Always on the search for new locations offering dramatic landscapes, and being a big fan of geologic oddities, I was drawn to Bisti’s beauty many years ago after seeing some photos of it in a magazine. However, it wasn’t until this spring that I had my first opportunity to visit and photograph this wonderful wilderness. I had put off visiting this and other sites in New Mexico to photograph other more famous Southwest icons, such as Zion, Arches, Joshua Tree, and the beautiful Sonoran Desert, to name a few. So it was with great excitement that on this trip I was finally going to see one of the greatest concentrations of badlands in the Southwest.
Bisti Badlands doesn’t flaunt it’s beauty like many of the well known and sought after locations in the SW. It’s one of those places where you’ll drive for miles on empty roads in a seemingly desolate landscape. Only to arrive and wonder what the big deal is and where is all the scenery? It’s true that the Bisti Wilderness is in an arid, dusty, nearly flat and featureless high plain. Arriving at the main parking area you are greeted by not much more than a wide dry wash framed by a few interesting hillsides. But there is much more to see.
Like many hidden wilderness gems you have to get out and do some legwork. It’s easy to spend the day exploring hidden canyons buttes and washes. This is where doing your homework and researching literature maps and photos comes into play. There are several key areas of interest to discover. However, without some clues as to where they are you can spend many hours wandering about. These days many people rely on GPS technology to guide them quickly to the best spots. However, I feel this really takes away from that satisfying experience of discovering something on your own.
Another way in which Bisti Badlands keeps it secrets is the light. You can wander about for days checking out all the best the Bisti has to see. Although if all your time is spent during the middle of the day, you’ll miss out on the real magic.

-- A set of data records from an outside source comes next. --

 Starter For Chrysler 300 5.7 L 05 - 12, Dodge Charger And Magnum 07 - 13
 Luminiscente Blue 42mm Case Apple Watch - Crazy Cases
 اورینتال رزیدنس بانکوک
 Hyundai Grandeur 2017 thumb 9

I was incredibly fortunate on my first trip to encounter some truly spectacular lighting conditions which made the badlands come alive with just about every adjective in the book. On my second day the weather was very cold and windy, with a solid grey sky that made even the most interesting hoodoos look dull and lifeless. Like a good photographer, I stuck it out and spent the time exploring and lining up compositions for when and if conditions were more favorable.

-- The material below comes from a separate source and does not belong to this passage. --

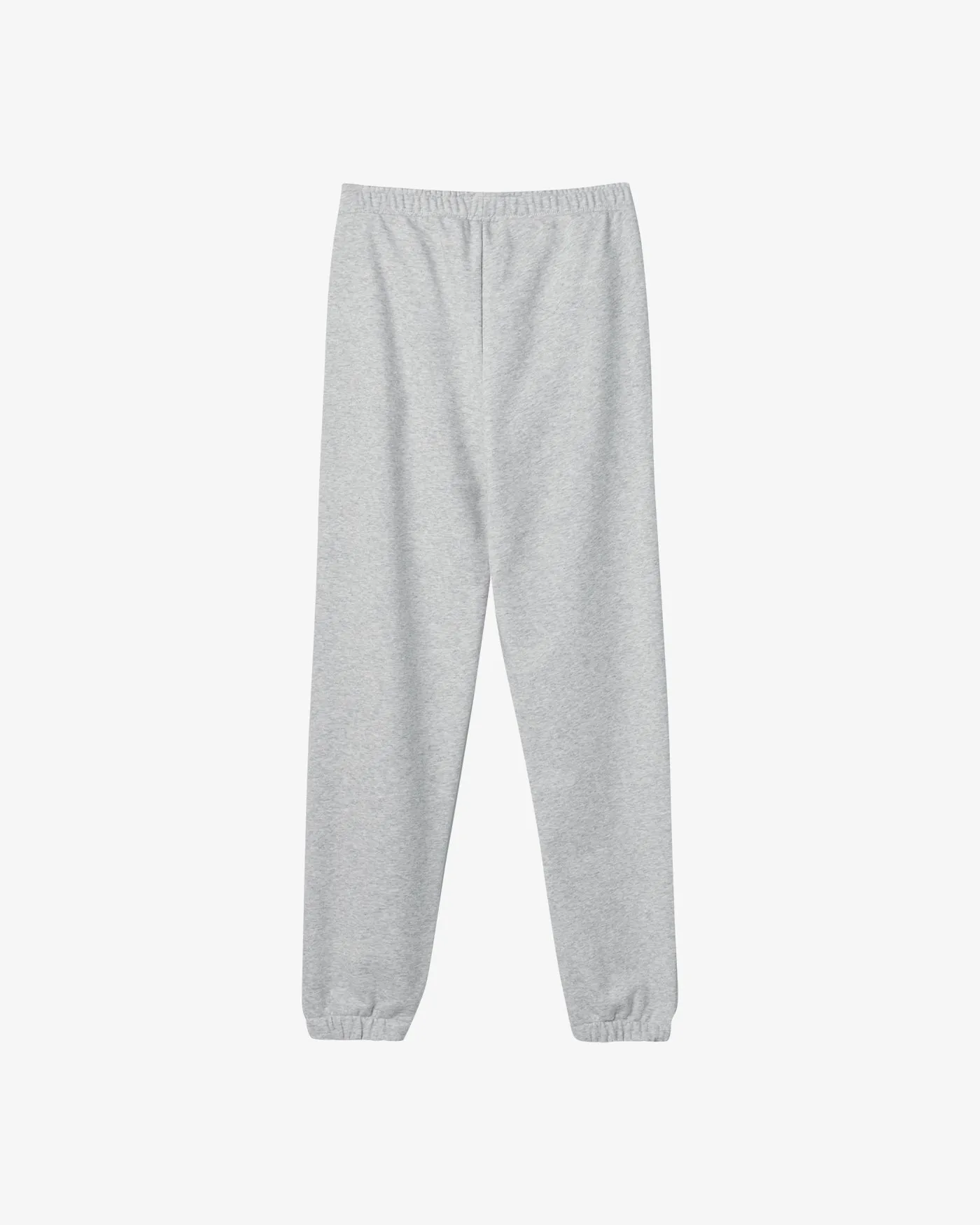 Base Sweat Pants Wmn - Lt. Grey Mel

To my surprise, the clouds began to break up in the west about an hour before sunset. The time many photographers refer to as the “magic hour”. In the eastern sky was the remnants of a passing storm. Sheets of rain and snow flurries stood out against a dark grey background. As the setting sun broke through the clouds the eastern sky lit up like on fire. Truly an experience that I will always remember. Of course in the midst of all this drama I was working in high gear to find and compose as many photographs as I could reach before it all ended. The next evening was more tame. Waiting around until dusk brought some interesting light on the badlands as alpenglow softly illuminated the formations.